Dr. Georg Gottlob is a Professor of Informatics at Oxford University. From 2006 to 2011 he held the Chair of Computing Science at Oxford University. He then moved to the Chair of Informatics at Oxford, which has been holding since January 2012.
His current research interests are in the areas of web data extraction, constraint satisfaction, computational logic, data bases, data base theory, query languages, and complexity theory.
He is on the Editorial Board of the following Journals: Journal of Computer and System Sciences, Artificial Intelligence, Web Intelligence and Agent Systems (WIAS), Journal of Applied Logic, and Journal of Discrete Algorithms.

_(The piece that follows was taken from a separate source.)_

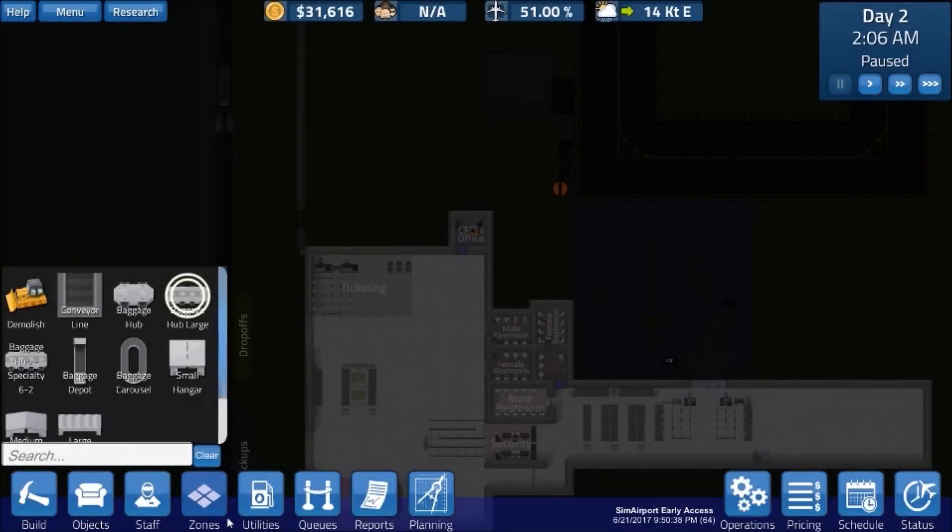Howdy howdy folks, A-Train here with you for another episode of Sim Airport in early access.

Extracting Big Data from the Deep Web: Technology, Research, and Business
Do you need to rent a new apartment fulfilling certain requirements? Or would you just like to find a restaurant in your area that serves pasta al pesto as today’s special? In either case, you would most likely start a web search, but keyword search as provided by current search engines is not really appropriate. The relevant data (at least for apartments) will reside in the Deep Web and requires forms to be automatically filled. Moreover, a keyword Web search does not allow you to pose complex queries. Solving this problem, at least for certain verticals such as real estate, used cars, restaurants, requires the extraction of massive data from heterogeneously structured websites of the Deep Web, and the storage of the data into a database having a uniform schema.
In this talk I will report about my 15 years long venture into Web data extraction. In particular, I will discuss the Lixto project we carried out at TU Wien, and the DIADEM ERC project we recently accomplished at Oxford. I will survey the tools and systems we constructed applications we carried out, and also some research results about the logical and theoretical foundations of Web data extraction we achieved. In addition, I will report about two start-ups we spun out
Gabriella Pasi is Full Professor at University of Milano-Bicocca, Department of Informatics, Systems and Communication (DISCo). Since March 1, 2015.
Since 2005 she leads the Information Retrieval Laboratory (IR LAB) at the Department of Informatics, Systems and Communication.
Her main research activities are related to Information Retrieval and Information Filtering. In recent years she has addressed the issues of contextual search and user modelling. She is also conducting research activities related to the analysis of user generated content on social media. She has published more than 200 papers on International Journals and Books, and on the Proceedings of International Conferences. She is involved in several activities for the evaluation of research; in particular, she was appointed as an expert of the Computer Science panel for the Starting Grants (till 2011), and Consolidator Grants (2012) of the Programme Ideas at the European Research Council. Since 2013 she is the President of the European Society for Fuzzy Logic and Technologies (EUSFLAT). She is a member of the Editorial Board of several international journals, and she has delivered several keynote talks/plenary lectures at international conferences related to her research interests. She has participated to the organization of several International events, in both roles of organization and program chair.
She is associate editor of two following Journals
- International Journal of Computational Intelligence Systems (IJCIS), Atlantis Press (since 2007).
- Journal of Intelligent and Fuzzy Systems (JIFS), IOS Press (since 2013)
For more information please visit Gabriella Pasi page.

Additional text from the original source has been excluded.